4.4 Measuring the impact of watermarking on data distribution

In an experiment, we analyzed the perturbation in the data-set caused due to watermarking. We monitored the mean and variance of the values of an integer-valued attribute first before watermarking and later after watermarking. Different watermark patterns were generated varying the number of 1’s in the watermark. These watermarks were applied on two different attributes. The observed values are recorded in Table 5.

Table 5 Effect of watermarking on mean and variance of data

The results reveal that the net effect on mean and variance is negligible, irrespective of the pattern of watermarking bits inserted. The percentage change in the mean value of data pertaining to the two attributes chosen, ranged from −1.37 % to −0.02 %. The change in the variance of data ranged from 1.8 % to 0.2 %.

5 Conclusion and future scope

In this paper, we presented a mechanism for data protection with proof of ownership and ownership identification based on the secure embedding of blind and multi-bit watermarks on a given web database. In this work time criticality and robustness of the watermarking system are considered. The proposed approach is independent of primary key as Hash Partitioner uses the most significant bits of the normalized database instead of primary key. The main contributions of our work are summarized below:

  1. 1)

    We have significantly enhanced the degree of robustness of the watermarked database to a variety of security threats and attacks by applying an intelligent mix of techniques. Specifically:

    1. i.

      The Identification of owner is cryptographically made secure and then used as an embedded watermark.

    2. ii.

      An improved hash partitioning technique is presented that does not depend on either primary key or marker tuples to locate the partitions thus, making it resilient to watermark synchronization errors.

    3. iii.

      Watermarking of multiple numerical attributes based on normalized database is performed and hence is resilient to linear transformation attack.

    4. iv.

      Sorting of attributes is performed by attribute selector makes the technique resilient to Attribute Re-ordering attack.

  2. 2)

    To compliment the secure watermarking scheme, the recovery process is also made robust to ensure that watermarks can be extracted back accurately even from a distorted or altered watermarked database. Firstly, for each tuple multiple attributes can be selected. Next, a bit is watermarked multiple numbers of times in the earmarked attributes of a tuple. Finally, a majority voting technique is used to recover embedded watermarked bits reliably.

  3. 3)

    We presented a comparison of BFA and GA as optimizing techniques in our watermarking scheme and concluded that bacterial foraging give better results in terms of processing time as well as the optimality of results obtained. BFA always converges to global optima. The global solutions will make the values in the usability vicinity limits and thus any attempt to make changes in watermarked database can diminish its value.

We have experimentally demonstrated that the proposed watermarking technique is resilient to subset insertion, subset deletion, subset alteration, attribute re-ordering and linear transformation attacks and shown that the change in mean and variance of data after watermarking is negligible. The proposed watermarking technique is thus a secure, robust and imperceptible algorithm for numeric attributes that provides reliable ownership identification.

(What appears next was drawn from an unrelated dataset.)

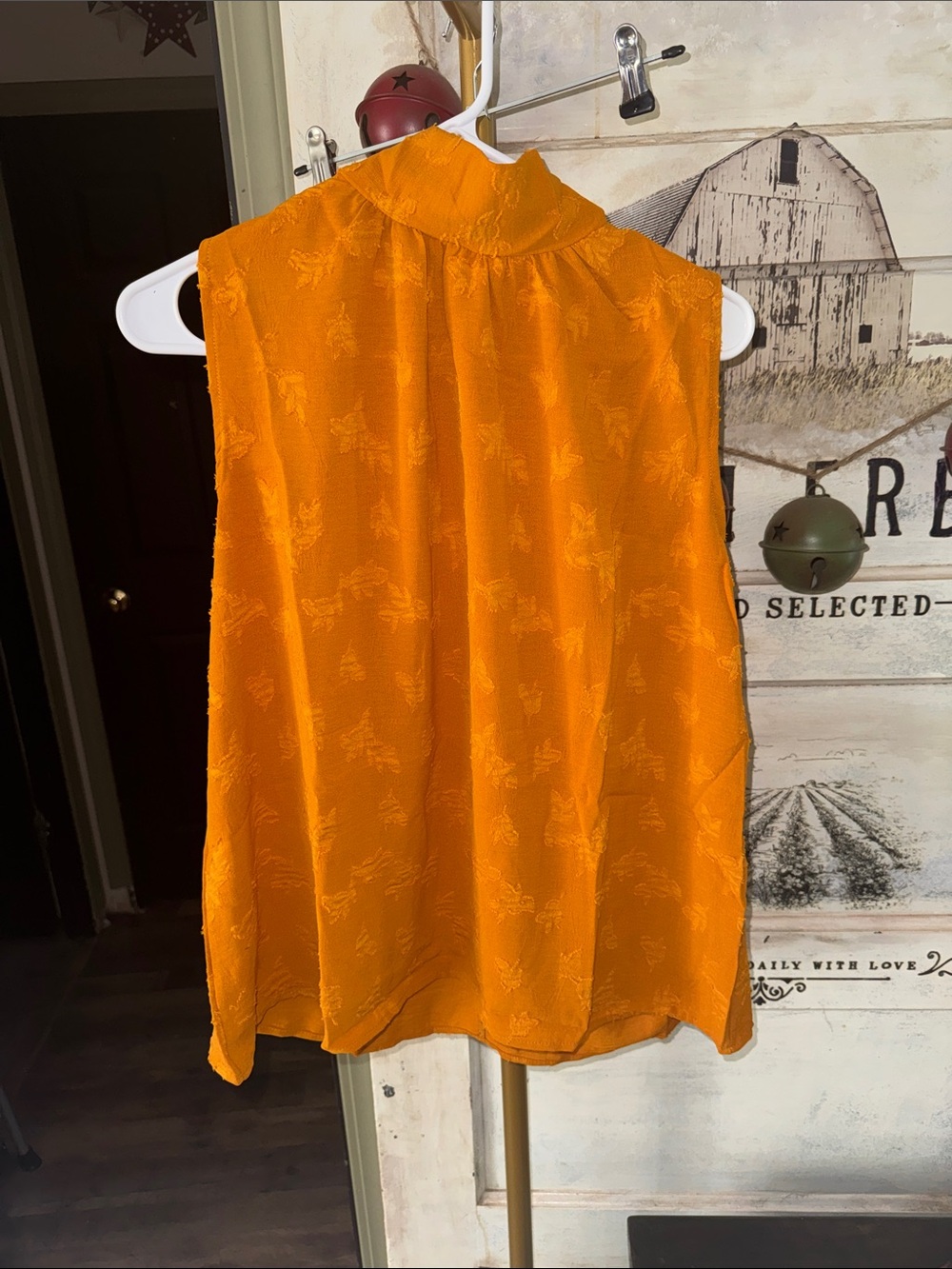 easel Sleeveless Mock Neck Camisole in Bright Orange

Our future research will be directed towards increasing the level of attack resilience against several sources of attacks in the watermarking method, and proposing new techniques for watermarking database relations for the attributes other than numeric. Other evolutionary algorithms available in the literature to solve constraint optimization problem framed in this work. Finally, different applications for our proposed technique could be envisioned and enforced.